Esophageal pressure (Pes) was measured using a 10-cm latex balloon attached to a 110-cm plastic catheter and inflated with 0.5 ml air. Gastric pressure (Pga) was measured using a similar balloon catheter inflated with 2 ml air. The two balloon catheters were introduced pernasally and positioned in the esophagus and stomach in the conventional manner. The catheters were connected to Validyne transducers (± 200 cm H2O; Validyne Corp., Northridge, CA). Electrical signals were amplified (Validyne) and passed via an analogue-to-digital converter (NB-MIO-16; National Instruments, Austin, TX) to an Apple Macintosh computer running LabView software (National Instruments) and sampling at 100 Hz.

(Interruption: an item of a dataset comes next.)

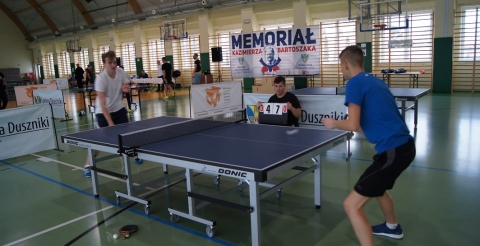 Na zdjęciu zawodnicy Memoriału Kazimierza Bartoszaka w trakcie gry w tenisa stołowego w sali sportowej w Dusznikach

Subjects exercised on a treadmill with monitoring of pulse oximetry and ECG. Minute ventilation and expired gas composition were measured breath by breath using an orifice pneumotachograph and mass spectrometer (Benchmark system; PK Morgan, Rainham, Kent, UK).
Protocol
Prior to exercise subjects were taught to produce short, sharp sniffs without measurable abdominal muscle activity (as judged by Pga) while seated in front of a monitor. After determining maximum sniff esophageal pressure (Sn Pesmax) (13) a series of submaximal sniffs of varying amplitude were recorded. These provided a baseline for subsequent comparison after exhaustive exercise; sniffs of varying amplitude were collected in order that sniffs obtained at exercise termination could be matched with baseline sniffs of similar amplitude. The patients with CHF then performed an incremental treadmill walk (Balke protocol) until severe breathlessness caused exercise termination. Sniffs were then recorded each minute for 5 min and also during the tenth minute after stopping. Esophageal and gastric pressures were also recorded during the treadmill walk. For the control group an identical protocol was followed except that exercise was discontinued when minute ventilation reached 100 L/min, this being greater than the highest value attained by any patient with CHF during the initial pilot studies.
Analysis
Maximum relaxation rate. In order to prevent expiratory muscle activity affecting the results, sniff traces were accepted for analysis only if the standard criteria (10) used in our laboratory were met. These were (1) Sniff maneuver performed at end-expiration, as determined by esophageal pressure. (2) Sniff duration less than 500 ms, with smooth, symmetrical upstroke and decay. (3) Decay of esophageal pressure curve returns to but does not exceed end-expiratory level. (4) Absence of abdominal muscle contraction during relaxation phase, determined by asymmetry of the gastric pressure trace. In the present study 1,507 of 2,415 sniffs (62%) met the criteria for analysis; this acceptance rate is comparable to our previous clinical studies (10, 14).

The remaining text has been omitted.